Изменить размер шрифта - +
Бабуля была рада за тебя. Она два дня ходила с твоим письмом, хвастаясь каждому встречному…

На мгновение моё горло перехватывает, но я вдыхаю воздух поглубже.

— Два дня, да?

— Да. А на третий день к ней должен был заехать кто-то из местных. Вроде молочник, отвезти сыра и молока. Он её и нашёл…

— Я поеду туда сейчас же. Только соберусь в дорогу.

Андерс отрицательно качает головой:

— Это слишком опасно.

— Вот как? Скажи ещё, что никто из местных туда не сунется.

— Так и есть.

— Трусливые шавки.

Я отсылаю Андерса прочь и переодеваюсь в костюм для прогулок: платье более простое, из тёмно-коричневой шерсти, серый широкий пояс и добротный плащ. Мне не нравится то, что я вижу в зеркале: слишком уныло. Ни одного яркого пятна. Радует лишь то, что под платьем простушки волнительное кружево алеет красным. Я бы не выжила в этом царстве серости и уныния без живительного цвета.

Андерс слоняется на первом этаже и пытается отговорить меня ехать к домику бабули.

— Меня очень долго здесь не было. Я обязана побывать у бабули. Во что бы то ни стало.

— Ты не понимаешь, Аманда.

— Да. Я не понимаю. Но хочу понять. Боишься? Оставайся здесь. Тебя никто не зовёт с собой. Я только лошадь возьму на время у твоего отца.

Андерс остаётся на первом этаже, когда я выхожу из дома и иду к конюшне. Андерс стоит на пороге, когда я, взобравшись верхом, направляю лошадь на выход со двора.

— Стой!

Андерс спешно кидается в конюшню и выводит коня под уздцы.

— Чёрт бы тебя побрал, Аманда. Ты перевернёшь с ног на голову весь Вольфах. А ты ведь только приехала…

Я равнодушно киваю, стараясь не показывать, что на самом деле я рада даже такому спутнику, как Андерс. Наши лошади резво скачут по улицам города и выезжают на окраину.
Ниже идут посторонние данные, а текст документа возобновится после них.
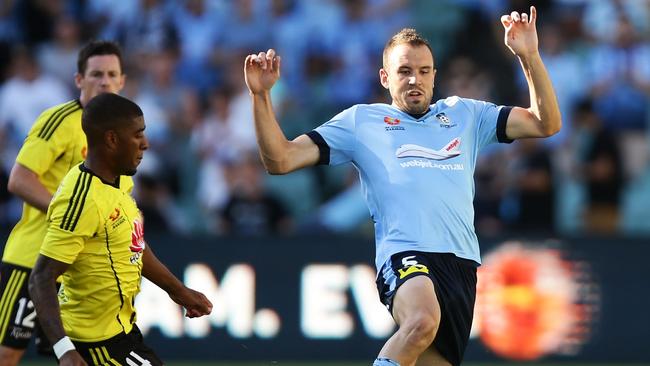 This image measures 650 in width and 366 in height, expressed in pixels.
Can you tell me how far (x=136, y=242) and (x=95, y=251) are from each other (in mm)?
267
— И лучше бы тебе остаться дома. Отведала бы чаю и булочек с корицей. У отца они всегда получаются отменные.

Андерс не оставляет попыток отговорить меня на всём протяжении пути. Я отмахиваюсь от него, погружаясь в воспоминания. Они едва ли не топят меня в себе, когда передо мной в конце тропы возникают очертания двухэтажного дома бабули.

Мы привязываем лошадей и ступаем на территорию двора. Лошади неспокойны: прядут ушами и перебирают ногами на месте. Я переступаю порог родного дома, удивляясь тишине. Раньше здесь никогда не было так тихо. Бабуля либо напевала себе под нос, либо болтала сама с собой, отчего некоторые крутили пальцем у виска, мол сумасшедшая. Дурачьё. Они просто не знали, что бабушка не любила тишины.

В ноздри бьёт запах — неправильный, такой, которого не должно здесь быть. Предметы внизу перевёрнуты, словно кто-то подобно урагану пронёсся по первому этажу. И, ломая ступени лестницы, местами разнося перила в щепки, поднялся наверх. Я осторожно ступаю по лестнице, отмечая лишь, что неприятный, тяжёлый запах лишь усиливается. И, переступив порог спальни, замираю: простыни порваны, огромное коричневое пятно засохшей крови прямо посередине.

— Чёрт…

Взгляд обводит комнату: стена у изголовья кровати вся забрызгана кровью. Капли крови даже на потолке. Но хуже всего тошнотворный запах, густой, словно мою бабулю выпотрошили буквально перед моим приходом. Комок поднимается к горлу, и я пулей лечу на выход, чтобы оставить на траве у дома свой завтрак.

 

Глава 4. Аманда

 

— Я же говорил, — безостановочно повторяет Андерс всю дорогу до дома.

— Заткнись, — беззлобно кидаю ему я.

Шок от увиденного уже прошёл, а прохладный воздух начала ноября немного выветрил мерзкий запах, будто впитавшийся в кожу. Не доезжая до города, я сворачиваю на кладбище и навещаю могилку бабули.